New search engine to help thwart terrorists
With news that the London bombers were British citizens, radicalised on the streets of England and with squeaky-clean police records, comes the realisation that new mechanisms for hunting terrorists before they strike must be developed.
Researchers at the University of Buffalo, US, believe they have discovered a technique that will reveal information on public web sites that was not intended to be published.
The United States Federal Aviation Administration (FAA) and the National Science Foundation (NSF) are supporting the development of a new search engine based on Unintended Information Revelation (UIR), and designed for anti-terrorism applications.
UIR supposes that snippets of information – that by themselves appear to be innocent – may be linked together to reveal highly sensitive data.
The need for such a tool arose after 9/11 when the FAA started focusing on information being disseminated on its own web site.
"It couldn't tell if it was possible to infer things that the FAA doesn't want others to infer by putting together data from this page and that page and that page," said Rohini Srihari, Ph.D., professor of computer science and engineering.
Srihari is developing the search engine with colleagues at the Centre of Excellence in Document Analysis and Recognition in the School of Engineering and Applied Sciences.
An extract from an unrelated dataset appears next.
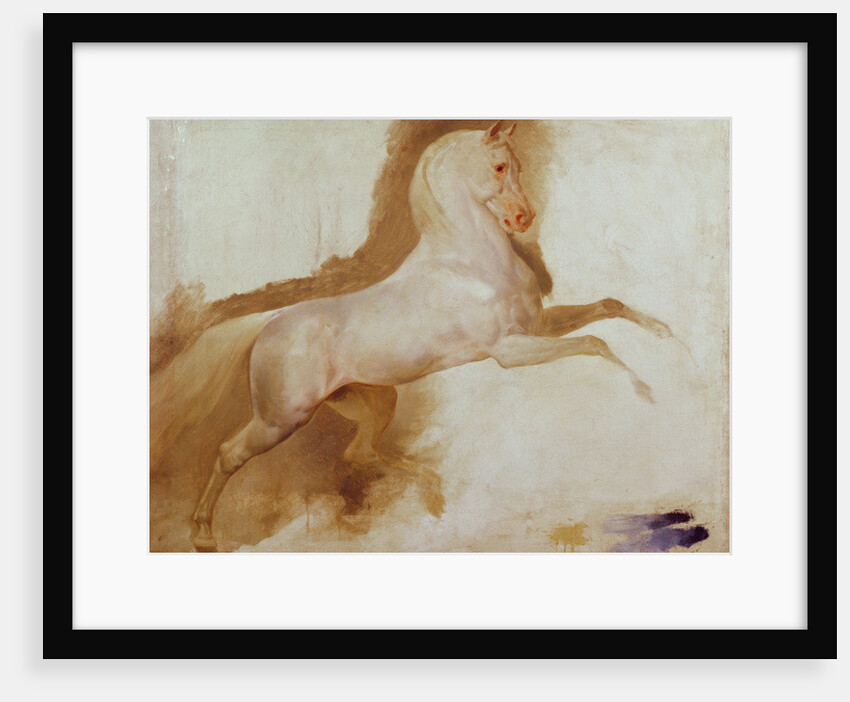Horse of Joachim Murat, c. 1832 by Baron Antoine Jean Gros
Existing search engines process individual documents based on the number of times a key word appears in a single document, but UIR constructs a concept chain graph used to search for the best path connecting two ideas within a multitude of documents.
To develop the method, researchers used the chapters of the 9/11 Commission Report to establish concept ontologies – lists of terms of interest in the specific domains relevant to the researchers: aviation, security and anti-terrorism issues.
"A concept chain graph will show you what's common between two seemingly unconnected things," said Srihari. "With regular searches, the input is a set of key words, the search produces a ranked list of documents, any one of which could satisfy the query.
"UIR, on the other hand, is a composite query, not a keyword query. It is designed to find the best path, the best chain of associations between two or more ideas. It returns to you an evidence trail that says, 'This is how these pieces are connected.'"
The hope is to develop the core algorithms exposing veiled paths through documents generated by different individuals or organisations.
This is a necessary step in counter-terrorism since due to their clean records, the London bombers were able to plot and coordinate their attack without being detected by informants, MI5 agents or other officials using traditional interception methods.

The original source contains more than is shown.